When the Lebanese Shiite militant organization, Hezbollah, went on the offensive against pro-government forces in Beirut earlier this month, the clashes were said to have been part of the ongoing internal Lebanese political struggle. And that justification despite the blatant backing Hezbollah receives from Syria and Iran.

But evidence is emerging that the Shiite organization could be connected with Islamist forces in parts of Sub-Saharan Africa, which an issue that deserves close scrutiny by the international community.

Questions need to be asked: Who are those groups? What exactly is Hezbollah's role in supporting them? And, to what extent is Hezbollah acting on orders from the mullahs in Tehran?

What brought this new development to light is a set of photographs made available to the Middle East Times by a reliable source who asked not to be identified.
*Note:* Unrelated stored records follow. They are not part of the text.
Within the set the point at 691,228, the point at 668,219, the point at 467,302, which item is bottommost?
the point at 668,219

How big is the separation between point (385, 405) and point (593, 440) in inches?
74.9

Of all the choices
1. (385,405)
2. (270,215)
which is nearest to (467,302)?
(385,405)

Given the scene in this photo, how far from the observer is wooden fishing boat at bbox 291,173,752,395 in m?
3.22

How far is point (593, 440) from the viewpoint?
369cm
The photographs were reportedly taken in the West African nation of Nigeria, although there is no independent way of confirming it. It is clear, however, that the images were taken somewhere in Africa.
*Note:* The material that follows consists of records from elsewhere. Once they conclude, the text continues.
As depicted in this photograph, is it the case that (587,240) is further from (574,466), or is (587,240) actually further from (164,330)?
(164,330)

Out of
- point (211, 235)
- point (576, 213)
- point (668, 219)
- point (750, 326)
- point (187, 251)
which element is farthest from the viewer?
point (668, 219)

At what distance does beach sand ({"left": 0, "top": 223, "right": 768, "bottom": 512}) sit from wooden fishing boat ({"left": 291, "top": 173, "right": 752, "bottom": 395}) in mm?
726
Sustaining the source's allegation that these pictures were shot in Nigeria is the fact that first; there is indeed a large Shiite minority in Nigeria with whom Hezbollah would find a natural ally, and second; there is a large Lebanese Shiite immigrant community in that country who settled there in the 1960s and 1970s, coming mostly from south Lebanon.

The photographs show an unidentified Shiite mullah (his religious affiliation is easily identified by his dress) being given full military honors during a parade complete with uniformed militiamen and hundreds of Hezbollah yellow flags as well as giant posters of Hezbollah chief Hassan Nasrallah.

One picture shows a review stand guarded by men in uniform while one of several religious leaders appears to be giving a speech to a crowd.

Another picture shows hundreds of uniformed young men during a military parade, preceded by large posters of Nasrallah and of assassinated Hamas leader Ahmed Yassine.

Yet another photograph shows troops in different colored uniforms and with green berets marching past the review stand.

One shows a group of men in white suits carrying posters of Nasrallah, Ayatollah Ruhollah Khomeini, the instigator of the Iranian Islamic Revolution and of Ayatollah Ali Khamenei, current supreme leader of Iran.

So what is the connection between Hezbollah and militant groups in West Africa? And why is there such a link in the first place? What does the Lebanese movement, said to represent the Lebanese "resistance" fighting to liberate a parcel of land in south Lebanon from Israeli occupation, have to do in West Africa?

Indeed, Hezbollah's involvement in sub-Saharan Africa is reminiscent of the Cuban experience on the Dark Continent. One can draw a number of similarities between the Cuban "volunteers" who were acting at the behest of the Soviet Union, promoting communism in Africa in the 1960s and 1970s and Hezbollah acting as Iran's proxy, advancing Tehran's Islamic revolution today.

"The link between the Islamist movements in the Middle East and Islamist networks in Africa is not to be underestimated," said Walid Phares, director of the Future Terrorism Project at the Foundation for the Defense of Democracies in Washington.